Keywords: Paganism, Lower Danube, Liber Pater, Dionysus
The Greek god Dionysus and the Roman god Liber Pater were often closlye related and even identified to each other during the Roman imperial era, yet the two gods have different origins, histories and somewhat different roles. Dionysus has been worshipped throughout the Mediterranean and his cult used to have numerous aspects. He is the god of wine, revelry, patron of agriculture and also a fertility-giving god. He is related to the theater and the world of the dead. On the other hand, the Roman Liber Pater has more limited roles, he is mostly related to the patronage of vineyards and wine, but only the profane use of wine, while the wine intended for religious needs is under the protection of Jupiter.[1] Distinguishing the two deities, if we have any right to do so, is only possible according to an inscription. In the case of votive tables and statuettes this is almost impossible, because Liber Pater has borrowed entirely the iconography of Dionysus.[2] In Lower Moesia, the cult of Liber Pater was relatively weak. It was mainly seen in and around major settlement centers and military camps such as Oescus, Novae, Tropaeum Traiani and Iatrus. A certain number of monuments also originates from the vicinity of Pavlikeni town. The dedicators were both civilians and military personnel, while the latter were Roman citizens from Italy or Western Europe and have been considered the agents of Romanism in the provinces of Danube.[3] Among the civilians there were also those of Eastern origin, as well as Romanized natives.[4] As a whole the situation was similar in the Balkans – the supporters of the cult were Roman soldiers, veterans as well as Romanized local population.[5] The cult of Dionysus was more widely spread in the interior of Lower Moesia. Centers of this cult have been emerged in the area of the West Pontic Greek colonies, the territory of Nicopolis ad Istrum (with Veliko Tarnovo, Pavlikeni, Butovo and Suhindol), the surroundings of Vratsa and Montana.[6]

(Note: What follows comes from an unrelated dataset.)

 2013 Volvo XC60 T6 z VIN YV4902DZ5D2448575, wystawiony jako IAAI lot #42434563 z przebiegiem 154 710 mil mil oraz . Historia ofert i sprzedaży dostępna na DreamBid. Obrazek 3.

During the Late Roman Era, Liber Pater did not play a particularly important role in the official religious propaganda of the empire. Following Diocletian’s rise to power (284-305) along with his co-rulers, Hercules as well as Mars and Sol Invictus, were brought to the fore. It was their images that dominated the rulers’ coins, while the popular in the early 3rd c., Liber Pater was not present. The god’s popularity in the first decades of the third century was due to his veneration along with Hercules as Dii patrii of the hometown of Emperor Septimius Severus (193-211) – Leptis Magna in North Africa.
In the research literature, it has been proposed that Galerius (293-311), Diocletian’s successor, worshipped Dionysus as his patron alongside the principal patron deities of the Tetrarchy. The above theory is supported by the following facts. In the palace of Galerius at Thessalonica fragments of a marble arch have been discovered, probably situated over the emperor’s throne. Beneath the soffit of the arch a bust of Dionysus amidst vine bracts is depicted. Dionysus is represented among the decoration of two other palace complexes of the period directly associated with the rulers. A scene from the myth of Dionysus and Lycurgus is depicted on one of the mosaics of the villa in the Piazza Armerina in Sicily, which is considered the residence of Maximian Herculius. Other mosaics in the premises depict scenes related to the heroic acts of Hercules, patron of Maximian, and to the giants struck down by the lightning of Zeus/Jupiter. Dionysus mounted on a leopard is also depicted on the mosaics of the palace at Felix Romuliana, the private residence of Galerius.[7] As O. Nicholson points out depictions of Dionysus are common on the mosaic floors of that period, but in the case of palace decoration one should also look for a connection with the religious propaganda of the rulers. The myth of Dionysus’s conquest of the East was very popular in antiquity, and it was probably the victories of Galerius over the Persian king Narses that underpinned the Caesar’s desire to be identified with this particular deity.[8]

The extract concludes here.